A Pilot Study of Bevacizumab for Neoplastic Meningitis

The safety and scientific validity of this study is the responsibility of the study sponsor and investigators. Listing a study does not mean it has been evaluated by the U.S. Federal Government. Read our disclaimer for details. Identifier: NCT00924820
Recruitment Status : Completed
First Posted : June 19, 2009
Last Update Posted : November 18, 2015
Genentech, Inc.
Information provided by (Responsible Party):
M.D. Anderson Cancer Center

Brief Summary:

The goal of this clinical research study is to learn if and how Avastin (bevacizumab) may affect cancer that has spread to the meninges of the brain or the spinal cord. The safety of this drug will also be studied.


1. Primary:

1. Determine preliminary response data of intravenous bevacizumab in patients with NM

a. As measured by clearance of malignant cells from the Cerebrospinal fluid (CSF) at 2, 4, 6, 12, 18, and 24 weeks, then every 8 weeks up to 54 weeks, and

b.

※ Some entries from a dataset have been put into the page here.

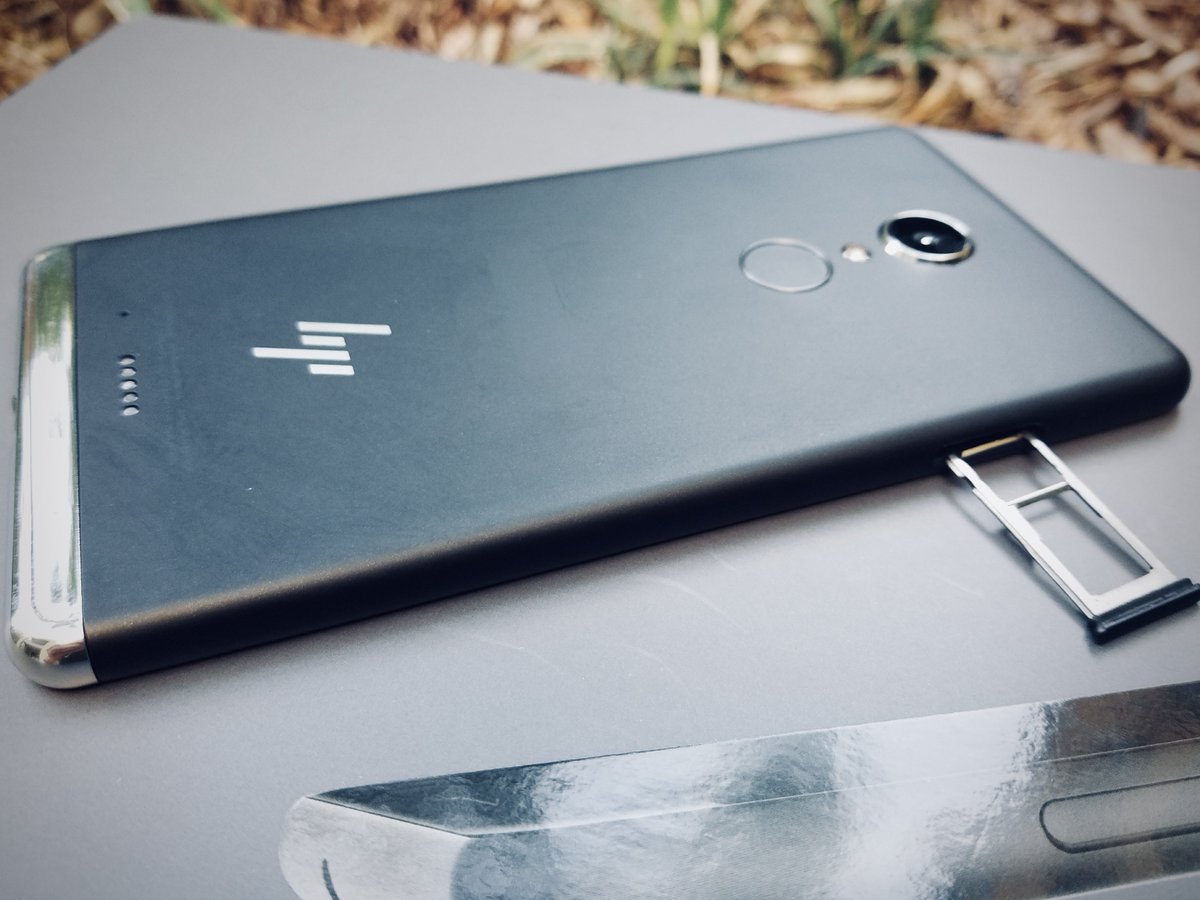 grant_likes's tweet image. Smartphone a Day #19

The HP Elite X3 Windows Mobile smartphone had a top-end processor, big display, expandable memory, large battery and PC experience via Continuum.

Supposedly a do-it-all 3-in-1 experience, so what went wrong?

#SmartphoneADay #WindowsMobile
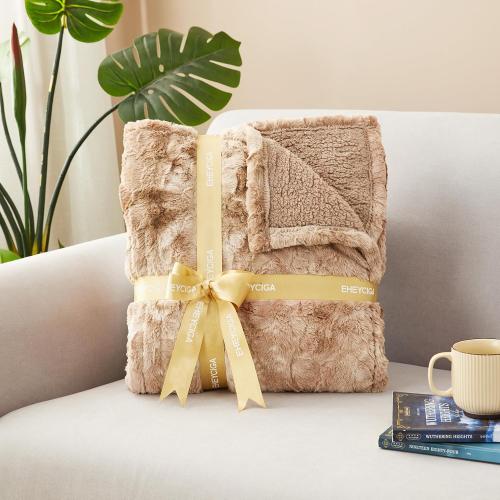 EHEYCIGA Electric Heated Blanket Queen Size Faux Fur, 10 Hours Auto Shut Off 9 Heating Levels Heating Blanket with Dual Control, Soft Warm Heated Blanket Fast Heating Camel, Faux Fur & Sherpa
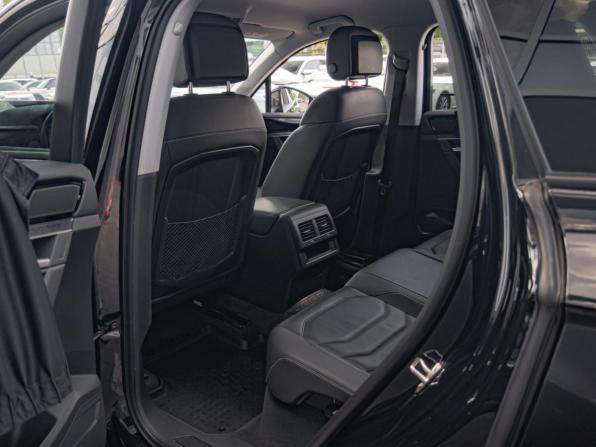 Volkswagen Touareg III с пробегом 2018 года, цена 4 110 000 рублей, 129288 км, внедорожник, Автокод Объявления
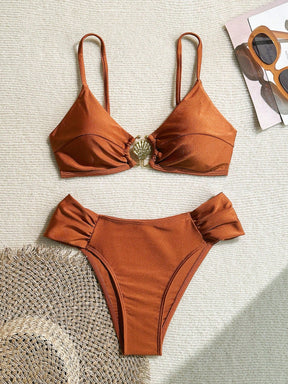 Swim Vcay Conjunto de Maiô Bikini com Alças Finas Plissadas de Corte Alto, Acessórios Metálicos Sexy, Totalmente Vegano, Roupa de Praia de Férias de Primavera para Mulheres, Roupa de Banho de Verão para Mulheres
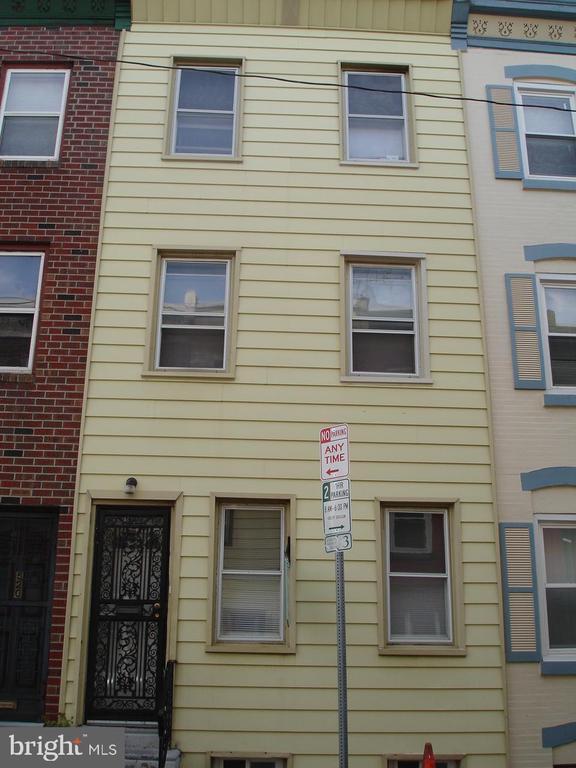 Foto principal - 522 N Douglas St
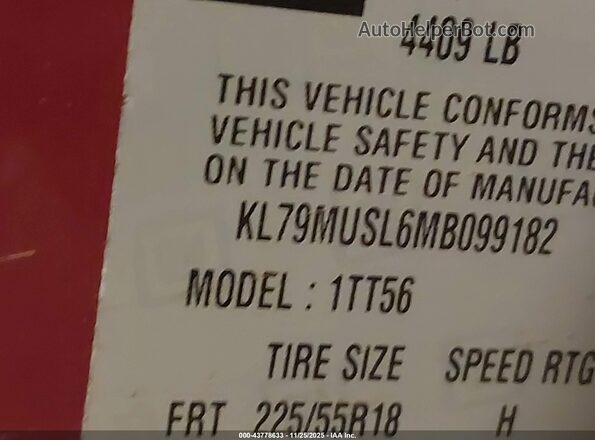 KL79MUSL6MB099182 2021 CHEVROLET TRAILBLAZER Burgundy Engine compartment view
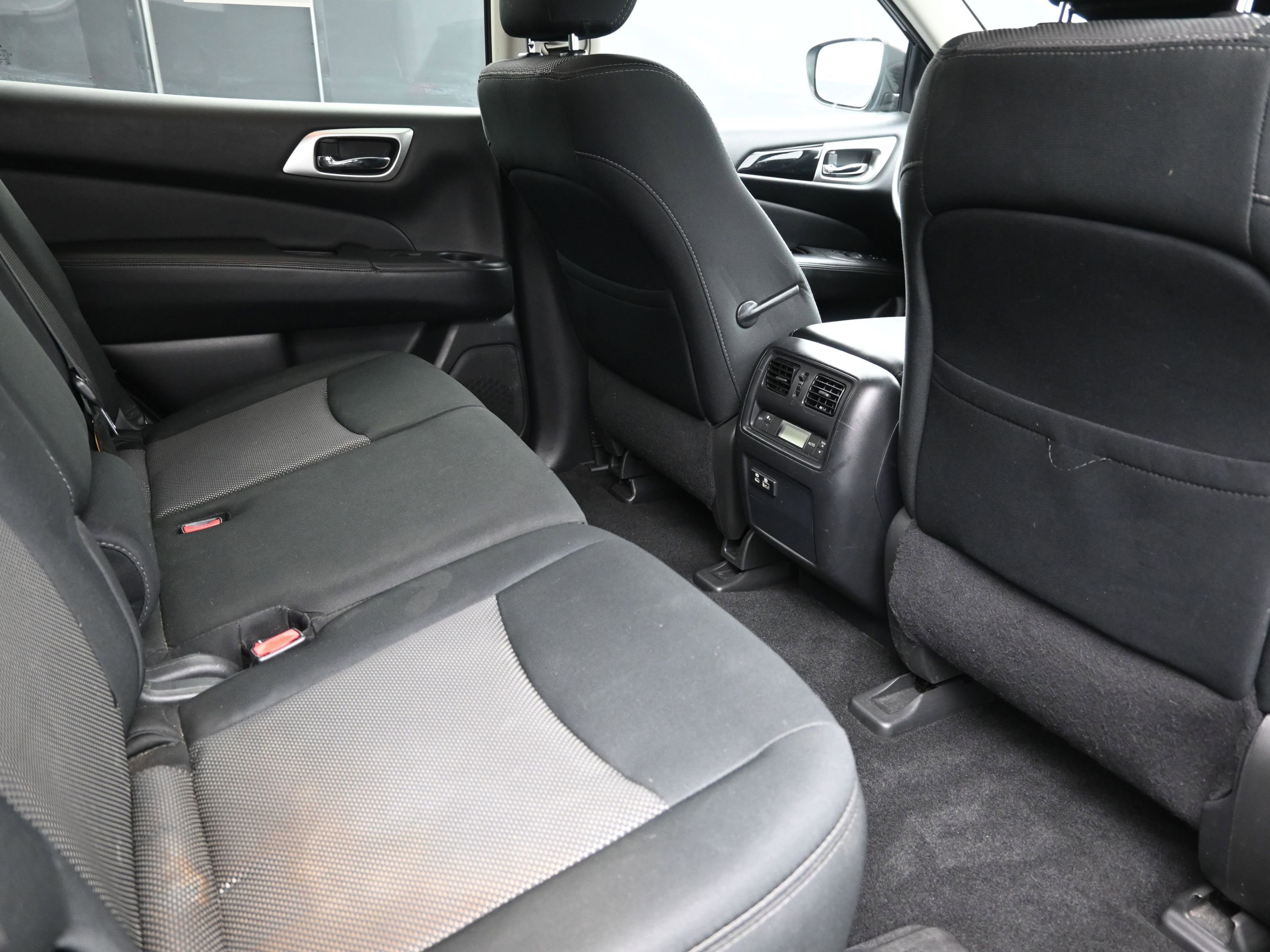 Used 2020 Nissan Pathfinder SV image 25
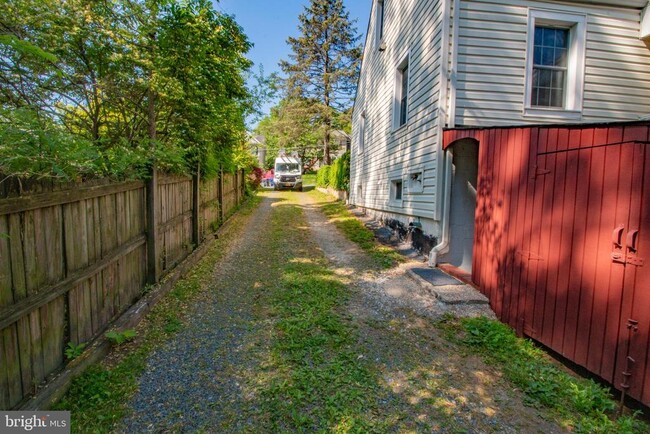 Building Photo - 7210 Hickory St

Time to neurological progression (TTNP)

2. Secondary:

  1. Evaluate the safety of intravenous bevacizumab in patients with NM
  2. Further describe the efficacy of this intervention as measured by

    1. improvement of MR imaging evidence of disease
    2. overall survival
    3. maintenance of quality of life
  3. Determine effects of systemically administered bevacizumab on CSF, serum, and urine Vascular endothelial growth factor (VEGF)levels levels
  4. Correlate changes in CSF VEGF with response measurements.
  5. Correlate primary tumor tissue VEGF expression with CSF VEGF levels
  6. Correlate urine VEGF levels with serum and CSF VEGF levels
  7. Evaluate serum and CSF VEGF index

Condition or disease Intervention/treatment Phase
Neoplastic Meningitis Drug: Bevacizumab Phase 1 Phase 2

  Show Detailed Description

Study Type : Interventional  (Clinical Trial)
Actual Enrollment : 20 participants
Intervention Model: Single Group Assignment
Masking: None (Open Label)
Primary Purpose: Treatment
Official Title: A Pilot Study of Systemically Administered Bevacizumab in Patients With Neoplastic Meningitis (NM)
Study Start Date : June 2009
Actual Primary Completion Date : September 2015
Actual Study Completion Date : September 2015

Resource links provided by the National Library of Medicine

MedlinePlus related topics: Meningitis
Drug Information available for: Bevacizumab
U.S. FDA Resources

Arm Intervention/treatment
Experimental: Bevacizumab
Bevacizumab 10 mg/kg by vein over about 1 hour, every 2 weeks.
Drug: Bevacizumab
10 mg/kg by vein over about 1 hour, every 2 weeks.
Other Names:
  • Avastin
  • Anti-VEGF monoclonal antibody
  • rhuMAb-VEGF

Primary Outcome Measures :
  1. Cerebrospinal fluid (CSF) Response Rate [ Time Frame: As measured by clearance of malignant cells from the Cerebrospinal fluid (CSF) at 2, 4, 6, 12, 18, and 24 weeks, then every 8 weeks for 52 weeks ]
    CSF response as measured by total clearance of malignant cells from the CSF at 2, 4, 6, 12, 18, and 24 weeks, then every 8 weeks until up to week 54.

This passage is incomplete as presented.